I just checked and MacPorts has a uucp package, so in principle you can install uucp on your Mac and have some fun. I’d rather just use what we have now. Usenet was fun, but it’s long over.

It seems like the Internet was more federated when the connections were slower. You had USENET groups and little online forums and niche sites everywhere that have been eaten up by the big, centralized social networks.

The problem with any federated system (especially Mastodon) is complexity. Mastodon has all these different instances that link up in different ways, and some don’t link up at all.

Could you elaborate on what you mean by “different ways” and “don’t link up at all?”

My understanding is that Mastodon and the larger Fediverse link up through ActivityPub. By definition, ActivityPub is the standard communication for any of the various Fediverse instances. As a user of Micro.blog I can follow and comment with Mastodon users as well as Pixelfed users and so on. And a user of Mastodon or Pixelfed can follow my micro.blog account in return.

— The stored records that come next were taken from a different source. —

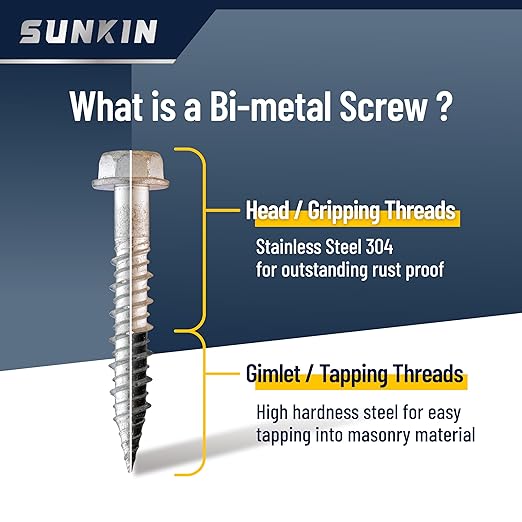 SUNKIN #14x1-5/8 inch Stainless Steel 18-8 Bi-Metal Masonry Concrete Screw, Hex Head Zinc Plated 60 PCS Exellent NO Rust for 20+ Years Ideal for Outdoors Projects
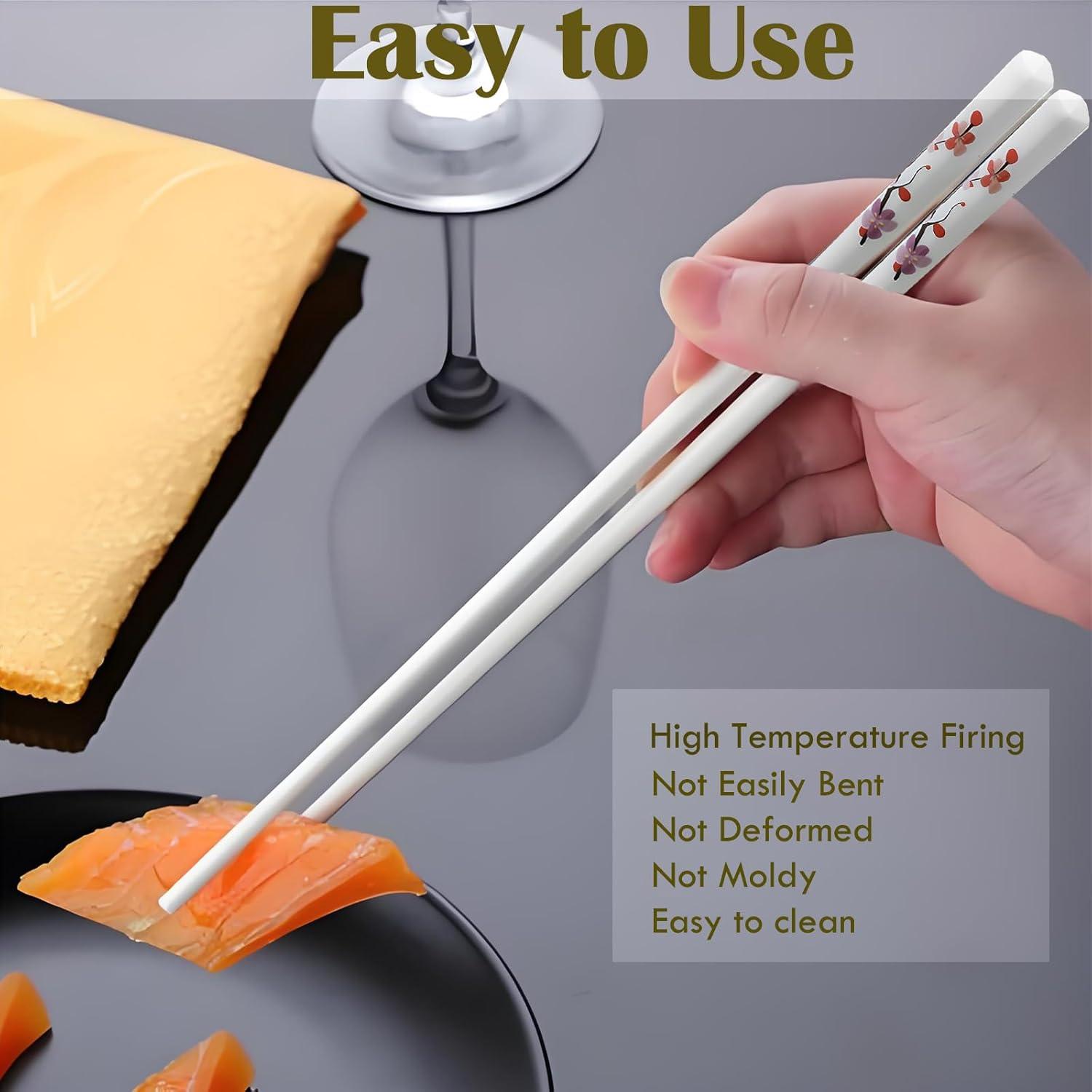 Juego de Palillos de Porcelana Reutilizables GTIEDIK 24 cm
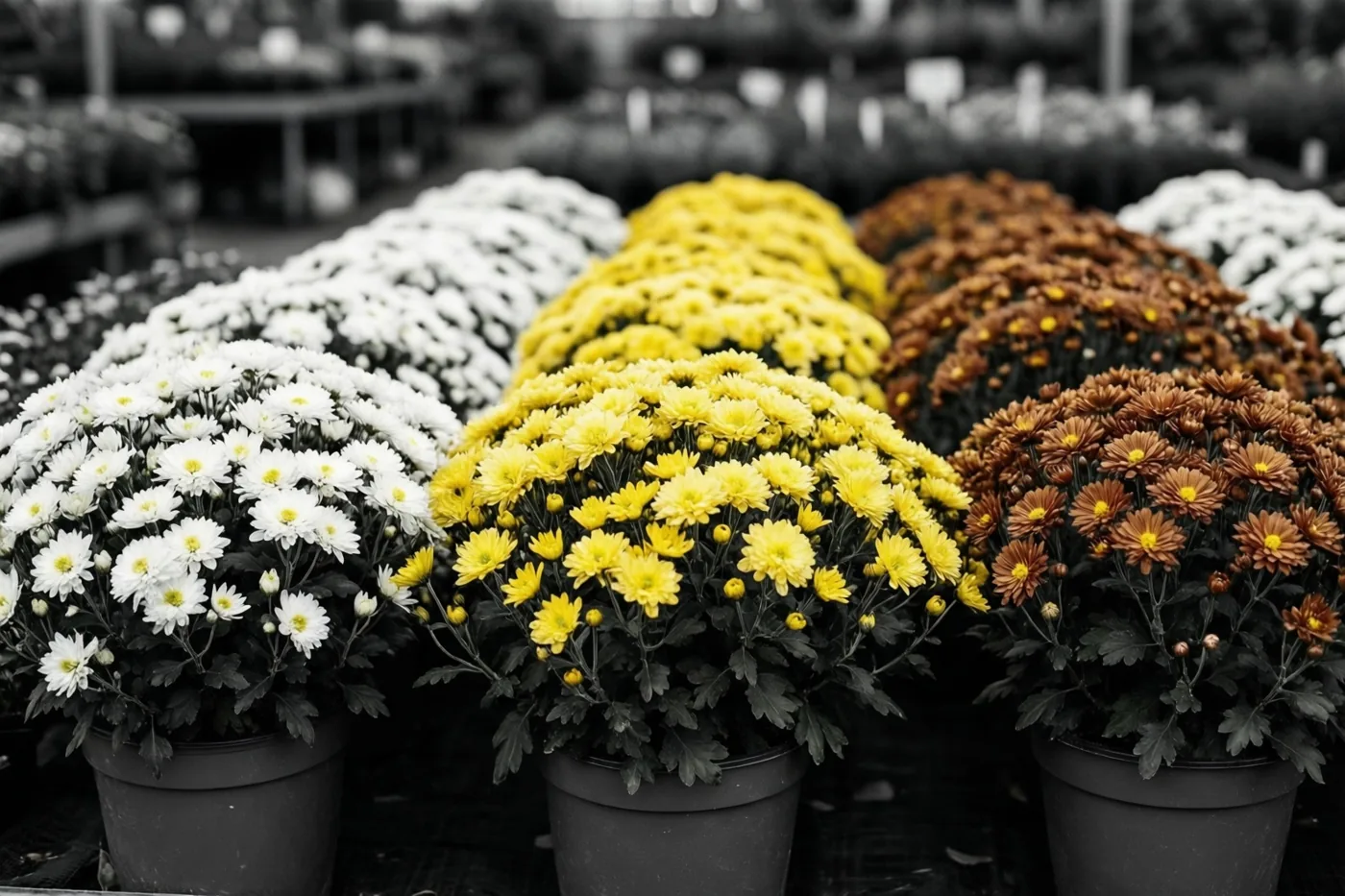 Witte, gele en bronskleurige potchrysanten staan in rijen in een kwekerij, waarbij de bloemen in kleur afsteken tegen een zwart-witte achtergrond.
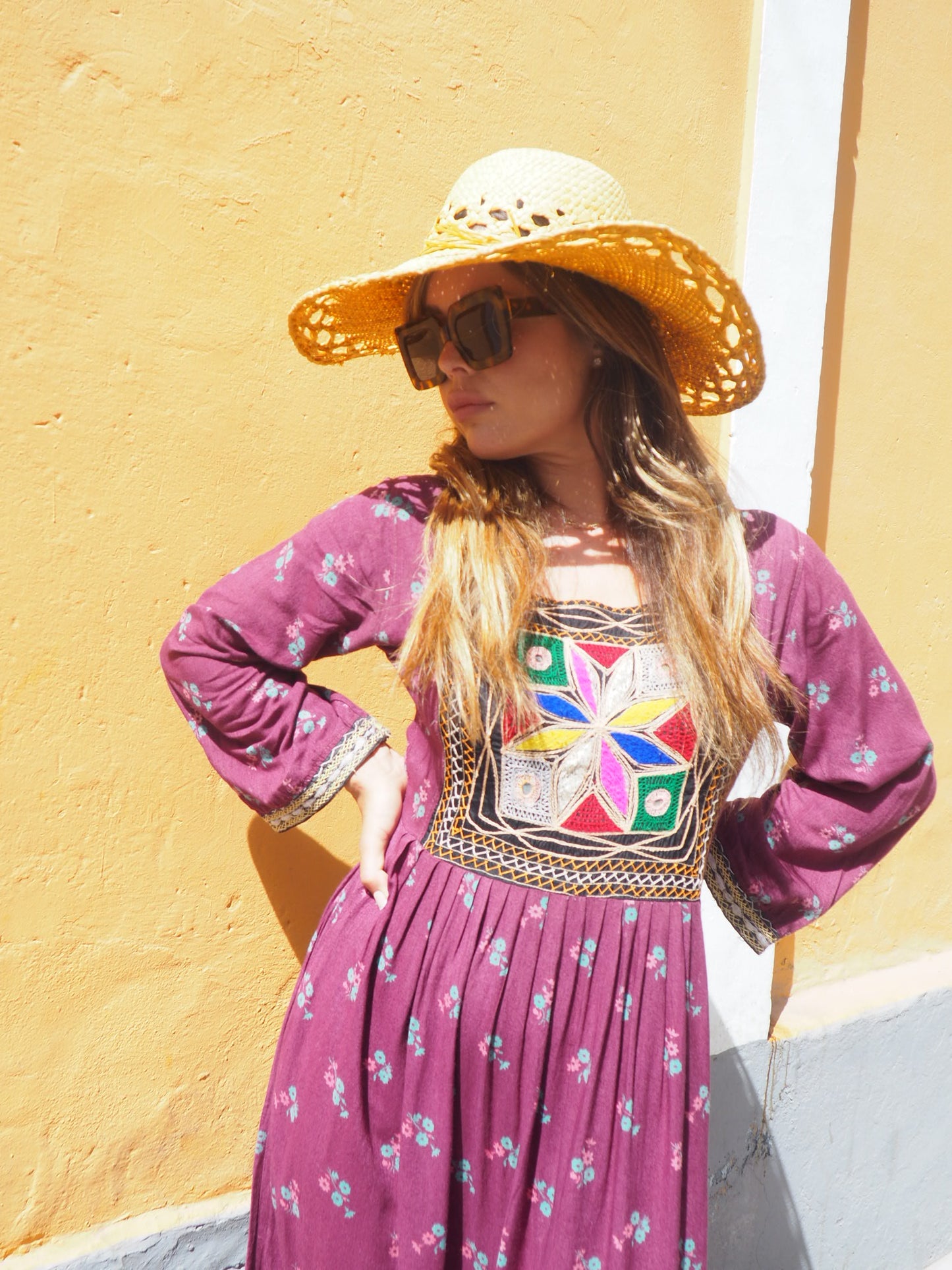 Vintage 1970’s hand embroidered Afghan dress in deep purple with floral print cotton with zip in side sun damage to shoulder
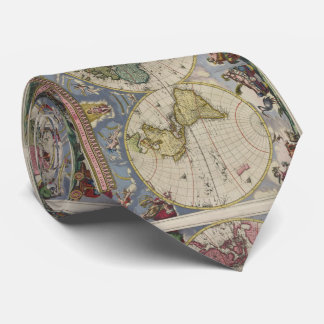 Corbata Mapa de época del mundo (1665)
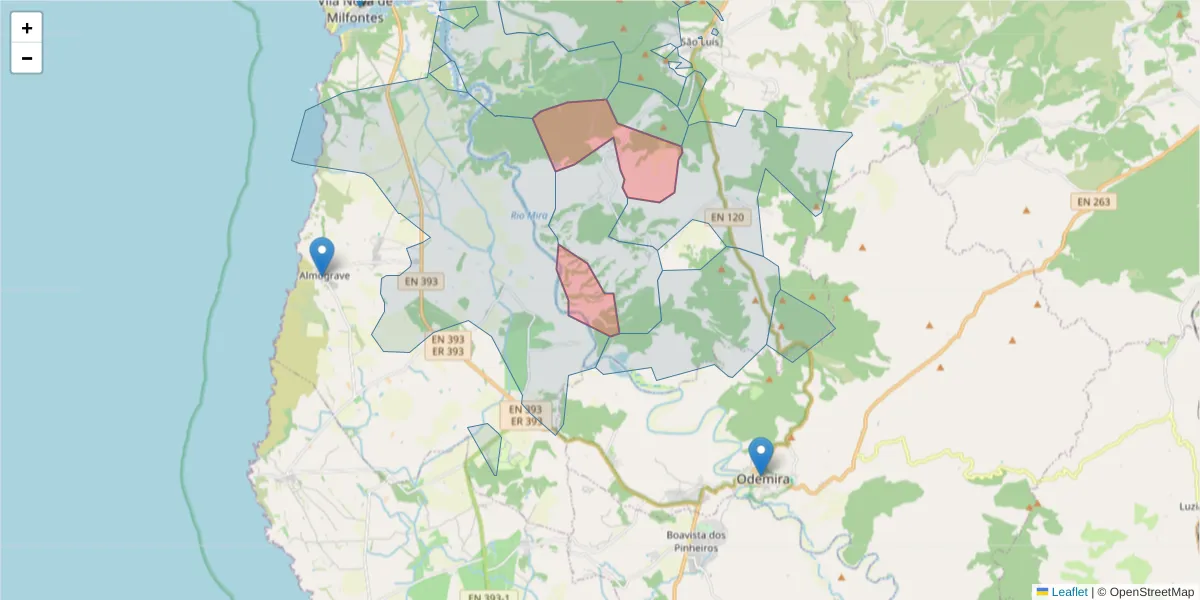 Mapa detalhado do código postal 7630-489 com limites, códigos postais vizinhos e agências dos correios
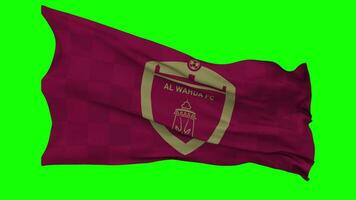 Al Wahda Football Club Flag Waving Seamless Loop in Wind, Chroma Key Green Screen, Luma Matte Selection video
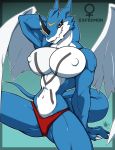  2011 anthro arm_support big_breasts biped blue_body blue_skin breasts claws clothed clothing digimon digimon_(species) digital_media_(artwork) dragon exveemon feathered_dragon feathered_wings feathers female front_view gender_symbol grin hands_behind_back horn lips looking_at_viewer muscular muscular_female navel nipples non-mammal_breasts panties red_eyes scalie sitting smile solo spread_legs spreading symbol tattoo teeth thick_bottom_lip topless underwear walter_sache wings ♀ 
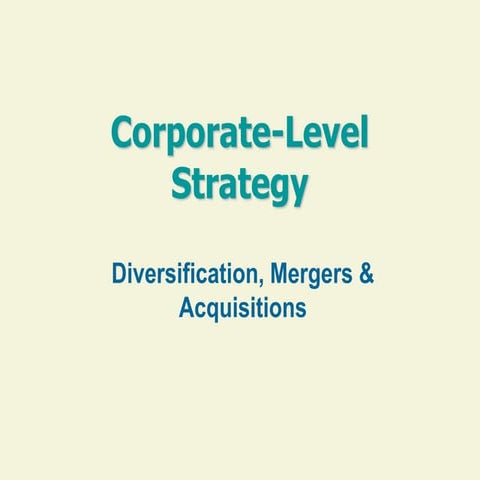 Corporate strategy in Strategic Management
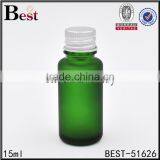 2017 High Quality 15ml Oil Glass Bottle Green Round Shape Oil Glass Bottle Silver Cap Oil Glass Bottle With Stopper thumbnail-1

Although I basically agree with most of what you say, I don’t think that’s the “biggest barrier to everybody being a producer as well as a consumer”. I think the biggest barrier to that is that most people have neither the skills nor the desire to produce anything – they want to just consume. This is evidenced, for example, by the majority now using smartphones (a mostly consumption device) instead of real computers. Back in the day, in the early web or even on Usenet, we had a biased sample: the users were fewer, more technically oriented, and generally smarter than the typical person online today.